This has been added to the aqm package.

g0+ stat_summary(fun.data = aqm::median_cl_boot, geom = "errorbar") + stat_summary(fun.y = median, geom = "point")

10.9 Scatterplots

Scatterplots can be built up in a similar manner. We first need to define the aesthetics. In this case there are clearly a and y coordinates that need to be mapped to the names of the variables.

g0 <- ggplot(d,aes(x=Lshell,y=BTVolume))

g0+geom_point()

10.10 Adding a regression line

It is very easy to add a regression line with confidence intervals to the plot.

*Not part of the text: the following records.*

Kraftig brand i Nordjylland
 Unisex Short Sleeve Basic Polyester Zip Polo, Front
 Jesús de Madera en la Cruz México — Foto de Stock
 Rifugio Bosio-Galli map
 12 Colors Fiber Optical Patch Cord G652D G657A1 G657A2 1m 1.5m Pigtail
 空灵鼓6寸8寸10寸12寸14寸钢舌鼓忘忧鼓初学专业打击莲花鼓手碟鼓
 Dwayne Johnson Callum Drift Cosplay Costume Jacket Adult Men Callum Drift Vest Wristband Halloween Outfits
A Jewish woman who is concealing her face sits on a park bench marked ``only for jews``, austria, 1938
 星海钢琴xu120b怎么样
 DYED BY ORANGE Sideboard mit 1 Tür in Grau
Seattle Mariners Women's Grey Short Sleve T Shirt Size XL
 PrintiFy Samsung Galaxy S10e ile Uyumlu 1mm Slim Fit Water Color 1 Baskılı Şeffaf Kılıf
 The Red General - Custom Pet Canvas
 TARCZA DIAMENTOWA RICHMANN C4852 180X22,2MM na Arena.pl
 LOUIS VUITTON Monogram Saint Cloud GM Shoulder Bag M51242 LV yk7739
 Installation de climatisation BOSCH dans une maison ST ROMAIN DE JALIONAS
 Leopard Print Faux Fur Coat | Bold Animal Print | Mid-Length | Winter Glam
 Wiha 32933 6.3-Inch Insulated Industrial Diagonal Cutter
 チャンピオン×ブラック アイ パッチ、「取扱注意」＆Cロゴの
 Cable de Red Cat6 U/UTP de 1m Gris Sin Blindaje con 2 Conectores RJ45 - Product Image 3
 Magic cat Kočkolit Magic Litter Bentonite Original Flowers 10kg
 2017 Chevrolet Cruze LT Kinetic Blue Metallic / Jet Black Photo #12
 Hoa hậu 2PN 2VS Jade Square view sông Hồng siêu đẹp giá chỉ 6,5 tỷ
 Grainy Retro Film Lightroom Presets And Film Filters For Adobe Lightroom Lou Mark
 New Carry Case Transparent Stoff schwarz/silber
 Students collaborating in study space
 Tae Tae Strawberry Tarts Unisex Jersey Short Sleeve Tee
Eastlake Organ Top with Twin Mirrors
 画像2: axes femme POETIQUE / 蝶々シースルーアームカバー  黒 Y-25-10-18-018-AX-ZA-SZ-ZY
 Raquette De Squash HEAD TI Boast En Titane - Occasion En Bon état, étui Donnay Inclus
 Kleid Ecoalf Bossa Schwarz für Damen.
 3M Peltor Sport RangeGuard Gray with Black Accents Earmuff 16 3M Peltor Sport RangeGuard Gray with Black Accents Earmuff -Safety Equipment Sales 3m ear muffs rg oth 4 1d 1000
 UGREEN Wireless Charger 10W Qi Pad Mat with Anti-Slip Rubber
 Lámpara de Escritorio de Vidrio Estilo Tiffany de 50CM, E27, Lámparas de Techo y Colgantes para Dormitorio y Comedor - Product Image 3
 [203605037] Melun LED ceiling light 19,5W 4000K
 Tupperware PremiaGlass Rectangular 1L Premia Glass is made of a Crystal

g0+geom_point()+geom_smooth(method = "lm", se = TRUE)

Although the syntax reads “se=TRUE” this refers to 95% confidence intervals.

10.11 Grouping and conditioning

There are various ways of plotting regressions for each site. We could define a colour aesthetic that will automatically group the data and then plot all the lines as one figure.

g0 <- ggplot(d,aes(x=Lshell,y=BTVolume,colour=Site))
g1<-g0+geom_point()+geom_smooth(method = "lm", se = TRUE)
g2<-g1+geom_point(aes(col=factor(Site)))
g2

This can be split into panels using facet wrapping.

g2+facet_wrap(~Site)

10.12 Curvilinear relationships

Many models involving two variables can be visualised using ggplot.

d<-read.csv(system.file("extdata", "marineinverts.csv", package = "aqm"))
str(d)

## 'data.frame':    45 obs. of  4 variables:
##  $ richness: int  0 2 8 13 17 10 10 9 19 8 ...
##  $ grain   : num  450 370 192 194 197 ...
##  $ height  : num  2.255 0.865 1.19 -1.336 -1.334 ...
##  $ salinity: num  27.1 27.1 29.6 29.4 29.6 29.4 29.4 29.6 29.6 29.6 ...

g0<-ggplot(d,aes(x=grain,y=richness))
g1<-g0+geom_point()+geom_smooth(method="lm", se=TRUE)
g1

g2<-g0+geom_point()+geom_smooth(method="lm",formula=y~x+I(x^2), se=TRUE)
g2

g3<-g0+geom_point()+geom_smooth(method="loess", se=TRUE)
g3

You can also use a gam directly.

g4<-g0+geom_point()+stat_smooth(method = "gam", formula = y ~ s(x))
g4

The plots can be arranged on a single page using the multiplot function taken from a cookbook for R.

multiplot(g1,g2,g3,g4,cols=2)

10.13 Generalised linear models

Ggplots conveniently show the results of prediction from a generalised linear model on the response scale.

glm1<-g0+geom_point()+geom_smooth(method="glm", method.args=list(family="poisson"), se=TRUE) +ggtitle("Poisson")
glm1

glm2<-g0+geom_point()+geom_smooth(method="glm", method.args=list(family="quasipoisson"), se=TRUE) + ggtitle("Quasipoisson")
glm2

library(MASS)

## 
## Attaching package: 'MASS'

## The following object is masked from 'package:plotly':
## 
##     select

## The following object is masked from 'package:dplyr':
## 
##     select

glm3<-g0+geom_point()+geom_smooth(method="glm.nb", se=TRUE) +ggtitle("Negative binomial")
glm3

multiplot(glm1,glm2,glm3,cols=2)

10.14 Binomial data

The same approach can be taken to binomial data.

ragworm<-read.csv(system.file("extdata", "ragworm_test3.csv", package = "aqm"))
str(ragworm)

## 'data.frame':    100 obs. of  2 variables:
##  $ presence: int  1 1 0 0 1 1 1 0 1 1 ...
##  $ salinity: num  2.55 2.21 3.39 2.96 1.88 ...

g0 <- ggplot(ragworm,aes(x=salinity,y=presence))
g1<-g0+geom_point()+stat_smooth(method="glm",formula = y~ x, method.args=list(family="binomial"))+ggtitle("Linear") 
g2<-g0+geom_point()+stat_smooth(method="glm",formula = y~ x+I(x^2), method.args=list(family="binomial"))+ggtitle("Polynomial")
g3<-g0+geom_point()+stat_smooth(method = "gam", formula = y ~ s(x), method.args=list(family="binomial"))+ggtitle("GAM")
multiplot(g1,g2,g3,cols=2)